Well, based on the list of winners, I would say not, though the distinctions blur. I haven't read Joe
Haldeman's Forever Peace, which is excerpted here for Best Novel, but I suspect it's more solidly in the SF
camp. As the Best Novella, Sheila Finch's "Reading of the Bones" is grounded in the science of linguistics but blends
in the quest motif typical of much fantasy. The story makes a nice metaphor of psychiatrist R.D. Laing's observation
about how we confuse the finger pointing at the moon for the moon itself -- i.e., the symbol for the
thing -- in depicting a race whose crusade to develop a formalized written language literally requires the sacrifice
of a finger, the bone from which is fitted to the layout of a physical alphabet.
"Thirteen Ways to Water" by Bruce Holland Rogers, named Best Short Story, involves an exorcism of war's horrors in
which the exorcist wins the cured veteran's wife, runs more along the lines of literary fabulism, characteristic of
most of Holland's work that I've read, than outright fantasy. Runner-up short story nominee "Winter Fire" by Geoffrey
A. Landis, shares with Williams the use of an SF conceit to depict how a single person rising above the horrors of a
man-made plight can personify the better inclinations of our species. Unlike the contrast between the Novella
runner-up and winner, I couldn't necessarily say that the Landis story is better than that by Holland, just
different. Another nominee for Best Novelette, "The Mercy Gate" by Mark J. McGarry, strives for the same height
as Landis and Williams, but, for me at least, fell short.
And let's not forget the Rhysling Award for Poetry. John Grey pays tribute to the godmother of SF, Mary Shelley
and the central theme of Frankenstein, though it's hardly an original observation. In contrast, for originality
see Laurel Winter's "Why Goldfish Shouldn't Use Power Tools" -- SF, fantasy, I don't know what the hell it is,
other than the fact that it's powerfully good, a poetical counterpart to the territory covered by Williams and Landis.

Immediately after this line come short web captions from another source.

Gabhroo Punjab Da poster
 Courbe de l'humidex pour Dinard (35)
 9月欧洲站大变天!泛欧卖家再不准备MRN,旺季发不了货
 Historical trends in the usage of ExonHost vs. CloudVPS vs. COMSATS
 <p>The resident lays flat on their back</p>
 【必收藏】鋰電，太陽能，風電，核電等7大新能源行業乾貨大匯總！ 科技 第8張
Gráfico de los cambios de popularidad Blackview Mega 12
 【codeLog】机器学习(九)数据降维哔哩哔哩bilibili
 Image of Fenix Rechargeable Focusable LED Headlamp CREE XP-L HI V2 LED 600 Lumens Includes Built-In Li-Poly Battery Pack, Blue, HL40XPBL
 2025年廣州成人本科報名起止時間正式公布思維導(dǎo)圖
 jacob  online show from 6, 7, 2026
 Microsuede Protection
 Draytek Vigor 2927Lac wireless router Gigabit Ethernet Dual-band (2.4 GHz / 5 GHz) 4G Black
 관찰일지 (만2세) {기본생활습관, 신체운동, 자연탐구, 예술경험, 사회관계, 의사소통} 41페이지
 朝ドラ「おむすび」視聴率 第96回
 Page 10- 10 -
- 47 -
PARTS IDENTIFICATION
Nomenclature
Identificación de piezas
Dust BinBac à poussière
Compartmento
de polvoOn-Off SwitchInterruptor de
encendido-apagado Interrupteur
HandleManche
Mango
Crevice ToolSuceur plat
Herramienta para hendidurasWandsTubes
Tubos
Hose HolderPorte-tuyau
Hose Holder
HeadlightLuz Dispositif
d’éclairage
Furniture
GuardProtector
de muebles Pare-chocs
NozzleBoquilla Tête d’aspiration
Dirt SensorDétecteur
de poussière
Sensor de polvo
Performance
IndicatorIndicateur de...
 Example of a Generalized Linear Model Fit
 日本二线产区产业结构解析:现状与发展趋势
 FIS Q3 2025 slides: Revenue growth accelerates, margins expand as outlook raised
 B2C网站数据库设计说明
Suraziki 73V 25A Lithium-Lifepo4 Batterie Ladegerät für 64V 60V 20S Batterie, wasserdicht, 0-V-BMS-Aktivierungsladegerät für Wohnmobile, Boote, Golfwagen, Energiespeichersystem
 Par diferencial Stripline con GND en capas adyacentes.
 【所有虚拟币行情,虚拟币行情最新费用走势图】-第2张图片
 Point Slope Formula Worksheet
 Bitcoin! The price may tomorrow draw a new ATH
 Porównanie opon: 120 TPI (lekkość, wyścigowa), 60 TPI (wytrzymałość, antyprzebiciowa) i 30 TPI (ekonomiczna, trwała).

Finally, there's "Uncommon Sense," selected to commemorate the induction of Hal Clement as a GrandMaster, which
is pure hard SF. This is classic stuff in which the story centres on the protagonist's ability to solve a
scientific puzzle in the context of the conditions of an alien world. This usually isn't my cup of SF tea. What
made it even less so is that it seems to violate its own principles of scientific logic. For various reasons, the
plot hinges on the fact that the repair crew of a grounded spaceship works during the day, when radioactive levels
are the highest. It seems to me that the common sense approach, unless Clement want us to believe that humans
technologically sophisticated enough to travel in space are incapable of artificial illumination, would be for the
crew to work at night when it is less dangerous and more comfortable.
In his introduction, Benford laments that the "pure" science fiction he and Clement represent has lost its
cultural impact now that it is actually the year 2000, when much that once could only have been imagined has
become commonplace. In Benford's complaint that science fiction today has become primarily a visual medium, I
detect a whiff of envy of all those fat fantasy tetralogies that plumb a vast base of readers and, for whatever
their faults, at least aren't based on 60s television.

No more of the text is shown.